The world's biggest offshore wind park planned off the coast of England will probably in the next decade generate power more cheaply than by burning coal.
A number of offshore wind projects won contracts to sell power at guaranteed prices in a UK auction Friday. The price of 39.65 pounds per megawatt-hour (around R740) was 31% below the level in a similar auction two years ago.
The plunge highlights how offshore wind, which only a few years ago was a niche technology more expensive than nuclear reactors, is changing the economics of energy around the world. Both utilities and, increasingly, energy majors, are planning to spend $448 billion through 2030 on an eightfold capacity increase, according to BloombergNEF.
Projects from developers including SSE Plc, Equinor ASA and Innogy SE won offshore wind power-purchase contracts that will have the capacity to generate as much as 5.5 gigawatts of power, the government said. That includes a joint SSE-Equinor project off England's east coast to build the biggest single offshore wind park in the world.
"The auction results today show offshore wind is in line with current power prices - it is already competitive with existing fossil fuel plants, let alone new fossil fuels," said Deepa Venkateswaran, an analyst at Sanford C. Bernstein & Co. in London. "In the next auction in 2021 we will see costs go well below that of existing fossil fuel plants."

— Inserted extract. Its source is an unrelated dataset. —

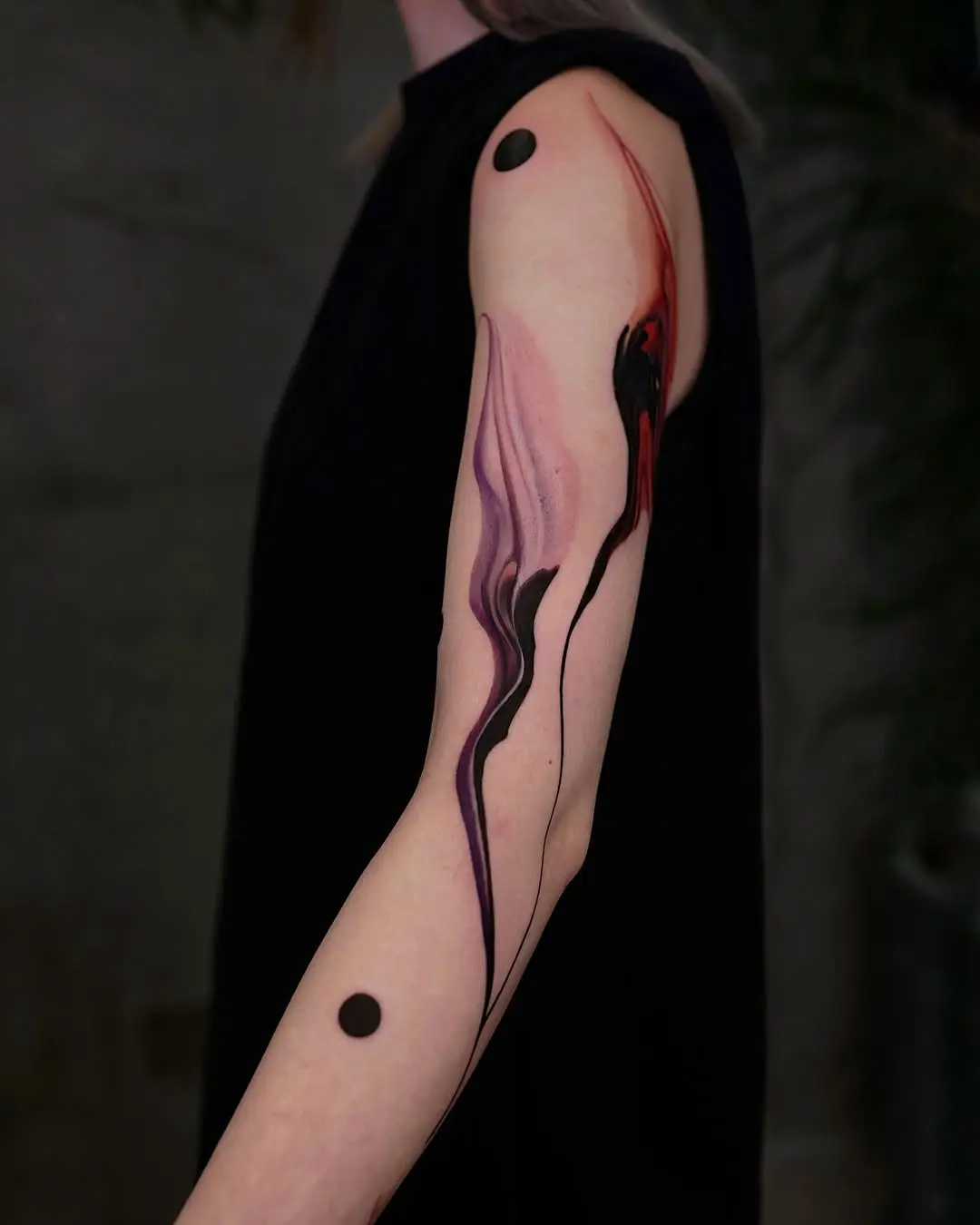 Fluid abstract designs in stunning watercolor tattoos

Equinor's success at the auction is a key step in its transition to becoming a broader energy company than just an oil and gas major. The state-controlled Norwegian company has a target of investing as much as 20% of its capital in new energy solutions by 2030.
Even as wind power moves away from a reliance on government subsidies, the contracts could still play an important role going forward. The guarantee helps developers secure financing and also make the assets more attractive to institutional investors who want reliable returns. The next UK auction round is set to take place in 2021.
The contracts also open up a track for investors to take stakes in some of these projects. Earlier this year, Iberdrola sold a stake in its 714-megawatt East Anglia One project to Macquarie Group Ltd. for 1.63 billion pounds (R30bn). Projects that have the backing of government-supported purchase agreements are often more attractive to investors who favor the guaranteed prices.